EXERCISE AIM — Your answer should repeat every record verbatim.

=== Section Start ===

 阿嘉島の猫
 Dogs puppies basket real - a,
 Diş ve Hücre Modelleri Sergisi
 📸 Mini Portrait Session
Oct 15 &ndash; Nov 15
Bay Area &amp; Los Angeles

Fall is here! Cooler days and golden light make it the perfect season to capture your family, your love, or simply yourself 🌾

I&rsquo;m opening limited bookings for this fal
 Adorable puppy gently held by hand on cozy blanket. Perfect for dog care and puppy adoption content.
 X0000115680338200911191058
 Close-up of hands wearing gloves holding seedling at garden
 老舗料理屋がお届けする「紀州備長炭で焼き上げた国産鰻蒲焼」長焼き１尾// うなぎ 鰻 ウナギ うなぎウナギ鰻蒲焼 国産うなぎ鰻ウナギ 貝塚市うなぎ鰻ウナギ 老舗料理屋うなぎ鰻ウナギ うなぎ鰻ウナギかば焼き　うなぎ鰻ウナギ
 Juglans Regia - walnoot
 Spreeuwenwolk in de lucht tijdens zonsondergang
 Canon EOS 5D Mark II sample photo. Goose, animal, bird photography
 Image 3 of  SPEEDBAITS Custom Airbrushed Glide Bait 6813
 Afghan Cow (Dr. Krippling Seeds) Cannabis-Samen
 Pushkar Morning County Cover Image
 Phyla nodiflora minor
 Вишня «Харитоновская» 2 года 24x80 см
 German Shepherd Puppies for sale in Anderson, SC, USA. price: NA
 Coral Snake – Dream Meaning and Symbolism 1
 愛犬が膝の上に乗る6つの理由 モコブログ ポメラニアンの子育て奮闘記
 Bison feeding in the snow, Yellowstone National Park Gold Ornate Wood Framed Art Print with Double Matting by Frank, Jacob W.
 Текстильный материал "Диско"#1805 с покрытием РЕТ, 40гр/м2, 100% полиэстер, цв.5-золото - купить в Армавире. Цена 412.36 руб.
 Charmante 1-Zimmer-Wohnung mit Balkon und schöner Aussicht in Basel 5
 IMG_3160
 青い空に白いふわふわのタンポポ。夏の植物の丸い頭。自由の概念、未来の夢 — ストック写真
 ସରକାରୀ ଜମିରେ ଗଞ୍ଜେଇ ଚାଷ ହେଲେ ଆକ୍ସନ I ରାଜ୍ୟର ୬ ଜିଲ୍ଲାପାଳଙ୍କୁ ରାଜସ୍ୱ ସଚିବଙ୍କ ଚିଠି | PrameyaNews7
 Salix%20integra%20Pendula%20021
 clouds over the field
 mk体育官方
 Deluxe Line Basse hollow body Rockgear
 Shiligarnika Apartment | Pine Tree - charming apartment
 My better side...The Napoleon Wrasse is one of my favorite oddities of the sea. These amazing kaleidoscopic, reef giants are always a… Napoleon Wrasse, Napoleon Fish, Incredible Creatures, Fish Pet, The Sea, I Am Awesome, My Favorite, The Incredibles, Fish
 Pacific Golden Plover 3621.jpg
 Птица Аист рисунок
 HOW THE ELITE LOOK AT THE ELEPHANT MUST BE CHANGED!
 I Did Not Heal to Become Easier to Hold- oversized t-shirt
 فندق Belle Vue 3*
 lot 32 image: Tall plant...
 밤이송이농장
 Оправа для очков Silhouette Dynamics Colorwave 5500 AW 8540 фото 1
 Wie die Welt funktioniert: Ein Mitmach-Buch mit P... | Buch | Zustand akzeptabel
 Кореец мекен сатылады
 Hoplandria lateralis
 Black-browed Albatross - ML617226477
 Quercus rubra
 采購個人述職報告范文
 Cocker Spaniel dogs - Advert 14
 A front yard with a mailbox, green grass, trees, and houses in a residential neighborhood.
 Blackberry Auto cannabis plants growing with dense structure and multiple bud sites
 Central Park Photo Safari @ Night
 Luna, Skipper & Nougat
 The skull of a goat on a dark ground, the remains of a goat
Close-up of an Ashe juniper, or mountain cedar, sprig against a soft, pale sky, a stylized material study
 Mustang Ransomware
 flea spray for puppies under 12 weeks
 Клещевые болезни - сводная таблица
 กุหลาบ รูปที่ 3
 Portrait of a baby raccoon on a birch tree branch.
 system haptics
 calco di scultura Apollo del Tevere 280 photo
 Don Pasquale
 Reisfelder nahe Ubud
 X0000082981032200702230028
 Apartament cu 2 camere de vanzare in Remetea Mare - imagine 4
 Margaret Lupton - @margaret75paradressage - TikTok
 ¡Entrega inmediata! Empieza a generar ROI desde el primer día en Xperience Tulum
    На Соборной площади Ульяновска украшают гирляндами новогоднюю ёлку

=== Section End ===

EXPECTED ANSWER —
 阿嘉島の猫
 Dogs puppies basket real - a,
 Diş ve Hücre Modelleri Sergisi
 📸 Mini Portrait Session
Oct 15 &ndash; Nov 15
Bay Area &amp; Los Angeles

Fall is here! Cooler days and golden light make it the perfect season to capture your family, your love, or simply yourself 🌾

I&rsquo;m opening limited bookings for this fal
 Adorable puppy gently held by hand on cozy blanket. Perfect for dog care and puppy adoption content.
 X0000115680338200911191058
 Close-up of hands wearing gloves holding seedling at garden
 老舗料理屋がお届けする「紀州備長炭で焼き上げた国産鰻蒲焼」長焼き１尾// うなぎ 鰻 ウナギ うなぎウナギ鰻蒲焼 国産うなぎ鰻ウナギ 貝塚市うなぎ鰻ウナギ 老舗料理屋うなぎ鰻ウナギ うなぎ鰻ウナギかば焼き　うなぎ鰻ウナギ
 Juglans Regia - walnoot
 Spreeuwenwolk in de lucht tijdens zonsondergang
 Canon EOS 5D Mark II sample photo. Goose, animal, bird photography
 Image 3 of  SPEEDBAITS Custom Airbrushed Glide Bait 6813
 Afghan Cow (Dr. Krippling Seeds) Cannabis-Samen
 Pushkar Morning County Cover Image
 Phyla nodiflora minor
 Вишня «Харитоновская» 2 года 24x80 см
 German Shepherd Puppies for sale in Anderson, SC, USA. price: NA
 Coral Snake – Dream Meaning and Symbolism 1
 愛犬が膝の上に乗る6つの理由 モコブログ ポメラニアンの子育て奮闘記
 Bison feeding in the snow, Yellowstone National Park Gold Ornate Wood Framed Art Print with Double Matting by Frank, Jacob W.
 Текстильный материал "Диско"#1805 с покрытием РЕТ, 40гр/м2, 100% полиэстер, цв.5-золото - купить в Армавире. Цена 412.36 руб.
 Charmante 1-Zimmer-Wohnung mit Balkon und schöner Aussicht in Basel 5
 IMG_3160
 青い空に白いふわふわのタンポポ。夏の植物の丸い頭。自由の概念、未来の夢 — ストック写真
 ସରକାରୀ ଜମିରେ ଗଞ୍ଜେଇ ଚାଷ ହେଲେ ଆକ୍ସନ I ରାଜ୍ୟର ୬ ଜିଲ୍ଲାପାଳଙ୍କୁ ରାଜସ୍ୱ ସଚିବଙ୍କ ଚିଠି | PrameyaNews7
 Salix%20integra%20Pendula%20021
 clouds over the field
 mk体育官方
 Deluxe Line Basse hollow body Rockgear
 Shiligarnika Apartment | Pine Tree - charming apartment
 My better side...The Napoleon Wrasse is one of my favorite oddities of the sea. These amazing kaleidoscopic, reef giants are always a… Napoleon Wrasse, Napoleon Fish, Incredible Creatures, Fish Pet, The Sea, I Am Awesome, My Favorite, The Incredibles, Fish
 Pacific Golden Plover 3621.jpg
 Птица Аист рисунок
 HOW THE ELITE LOOK AT THE ELEPHANT MUST BE CHANGED!
 I Did Not Heal to Become Easier to Hold- oversized t-shirt
 فندق Belle Vue 3*
 lot 32 image: Tall plant...
 밤이송이농장
 Оправа для очков Silhouette Dynamics Colorwave 5500 AW 8540 фото 1
 Wie die Welt funktioniert: Ein Mitmach-Buch mit P... | Buch | Zustand akzeptabel
 Кореец мекен сатылады
 Hoplandria lateralis
 Black-browed Albatross - ML617226477
 Quercus rubra
 采購個人述職報告范文
 Cocker Spaniel dogs - Advert 14
 A front yard with a mailbox, green grass, trees, and houses in a residential neighborhood.
 Blackberry Auto cannabis plants growing with dense structure and multiple bud sites
 Central Park Photo Safari @ Night
 Luna, Skipper & Nougat
 The skull of a goat on a dark ground, the remains of a goat
Close-up of an Ashe juniper, or mountain cedar, sprig against a soft, pale sky, a stylized material study
 Mustang Ransomware
 flea spray for puppies under 12 weeks
 Клещевые болезни - сводная таблица
 กุหลาบ รูปที่ 3
 Portrait of a baby raccoon on a birch tree branch.
 system haptics
 calco di scultura Apollo del Tevere 280 photo
 Don Pasquale
 Reisfelder nahe Ubud
 X0000082981032200702230028
 Apartament cu 2 camere de vanzare in Remetea Mare - imagine 4
 Margaret Lupton - @margaret75paradressage - TikTok
 ¡Entrega inmediata! Empieza a generar ROI desde el primer día en Xperience Tulum
    На Соборной площади Ульяновска украшают гирляндами новогоднюю ёлку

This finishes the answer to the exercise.